In particolare, la lavoratrice lamentava di essere stata adibita ad altre dequalificanti mansioni, rispetto a quelle normalmente svolte, con l’intento di allontanarla dalla compagine aziendale e di licenziarla nell’ambito del suddetto licenziamento collettivo in quanto la mansione da ultimo svolta, ossia quella di “addetta all’archivio” era stata dichiarata in esubero.
Lamentava dunque la ricorrente che, essendo stata adibita da parte della società alla mansione di “addetta all’archivio” solo “temporaneamente”, non avrebbe dovuto essere inserita tra i profili in esubero.
Dal canto suo, il datore di lavoro contestava l’asserito comportamento vessatorio, precisando come i cambi di mansione fossero determinati dalla soppressione della pregressa funzione affidatale e che tale procedura era stata vagliata dalle Parti sociali, le quali avevano dato atto della correttezza della procedura.
Tanto premesso, il Tribunale dichiarava l’illegittimità del licenziamento per violazione dei criteri di scelta, chiarendo che ciò derivava dalla collocazione della dipendente presso l’archivio solo provvisoria e solo da poco assegnata.
Successivamente, anche la Corte d’appello condivideva gli accertamenti di fatto e le valutazioni in diritto svolte del Tribunale.
Ricorre così in Cassazione il datore di lavoro, osservando che la sentenza impugnata aveva ritenuto, di fatto, che l’illegittimità della procedura derivasse dalla soppressione della mansione di addetta agli archivi, peraltro non potendo il giudice sindacare il merito delle scelte imprenditoriali.
Per la Suprema Corte il motivo è infondato.

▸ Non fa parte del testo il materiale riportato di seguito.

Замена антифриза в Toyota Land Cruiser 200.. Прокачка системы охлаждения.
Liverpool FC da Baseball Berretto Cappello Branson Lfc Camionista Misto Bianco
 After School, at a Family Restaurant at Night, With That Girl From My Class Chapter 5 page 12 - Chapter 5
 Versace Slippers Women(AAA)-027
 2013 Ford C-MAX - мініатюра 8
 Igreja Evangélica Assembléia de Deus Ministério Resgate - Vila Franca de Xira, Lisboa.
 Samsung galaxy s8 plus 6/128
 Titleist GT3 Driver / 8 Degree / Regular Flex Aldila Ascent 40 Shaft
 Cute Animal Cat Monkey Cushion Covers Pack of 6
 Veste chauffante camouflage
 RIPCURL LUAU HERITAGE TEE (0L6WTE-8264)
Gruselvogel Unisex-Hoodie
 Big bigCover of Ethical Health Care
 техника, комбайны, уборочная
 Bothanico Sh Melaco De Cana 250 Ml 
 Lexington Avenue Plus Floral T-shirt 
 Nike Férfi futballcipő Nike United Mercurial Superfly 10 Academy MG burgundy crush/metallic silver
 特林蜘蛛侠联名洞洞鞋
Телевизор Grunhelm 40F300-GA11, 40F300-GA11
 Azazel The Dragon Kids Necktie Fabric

A prescindere infatti dalla considerazione che la Corte di merito non avesse affatto statuito la legittimità della soppressione della posizione lavorativa di addetta agli archivi, né avrebbe potuto farlo, trattandosi di scelte insindacabili dell’imprenditore, la sentenza impugnata ha ribadito un elementare principio di civiltà giuridica e di correttezza e buona fede nell’esecuzione del contratto, quello secondo cui non è conforme a tali canoni il licenziamento di un dipendente addetto a mansioni diverse da quelle considerate in esubero ed adibita a queste ultime solo pochi mesi prima del recesso.